After that letter, Martin said she and Gold conceived the idea for a summit. “I reached out to her and said, ‘Hey, I’m working on this effort and I’d like to talk to doctors,’ and we started emailing and talking, and as things have developed and she watched the virus, things have evolved,” Martin said. “It’s not like we set out and said, ‘Hey, we’re gonna create a group called America’s Frontline Doctors and we’re gonna have a summit in D.C.’ We planned the summit in about a week.”
Martin said the Tea Party Patriots Foundation is supporting America’s Frontline Doctors as part of its educational mission.
Monday’s video got a boost when the president retweeted it.

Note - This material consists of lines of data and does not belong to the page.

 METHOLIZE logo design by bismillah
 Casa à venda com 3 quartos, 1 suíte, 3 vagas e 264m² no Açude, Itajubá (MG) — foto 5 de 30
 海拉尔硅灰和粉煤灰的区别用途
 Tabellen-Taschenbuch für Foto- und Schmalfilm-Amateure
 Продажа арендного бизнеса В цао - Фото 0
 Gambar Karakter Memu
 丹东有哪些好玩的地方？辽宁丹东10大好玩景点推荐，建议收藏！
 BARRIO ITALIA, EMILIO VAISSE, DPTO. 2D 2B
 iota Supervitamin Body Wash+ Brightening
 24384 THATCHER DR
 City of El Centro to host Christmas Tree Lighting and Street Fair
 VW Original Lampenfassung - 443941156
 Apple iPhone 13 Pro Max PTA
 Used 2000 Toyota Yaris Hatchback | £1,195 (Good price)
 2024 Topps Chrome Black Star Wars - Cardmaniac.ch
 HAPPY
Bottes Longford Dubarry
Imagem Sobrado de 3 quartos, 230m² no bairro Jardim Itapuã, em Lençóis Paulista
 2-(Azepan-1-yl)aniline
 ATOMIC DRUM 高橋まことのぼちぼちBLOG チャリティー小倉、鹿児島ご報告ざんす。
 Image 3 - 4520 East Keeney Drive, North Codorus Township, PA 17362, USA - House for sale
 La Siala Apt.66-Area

In an interview Tuesday with Yahoo News, Bob Hamilton, a Santa Monica, Calif., pediatrician who also appeared in the video, said he is almost solely focused on the issue of schools reopening and went out of his way to distance himself from the larger group, particularly Stella Immanuel, a Houston-based pediatrician. Immanuel is known for her unorthodox views on the merits of masks and hydroxychloroquine, and became something of an internet sensation, particularly after her unusual ideas about alien DNA became public.
Dr. Stella Immanuel, a Houston pediatrician, claimed she has cured and prevented COVID-19 with hydroxychloroquine, an antimalarial medication promoted by President Trump for the coronavirus in May. (Facebook)
Referring to Immanuel as the “the gal from Cameroon,” Hamilton said he disagreed with her criticism of Dr. Anthony Fauci, the nation’s top infectious disease expert. “I don’t really have those kinds of strong feelings, to be honest with you,” Hamilton told Yahoo News in an interview.
Hamilton said he had been unaware of the organization’s affiliation with the Tea Party Patriots until he arrived at the event.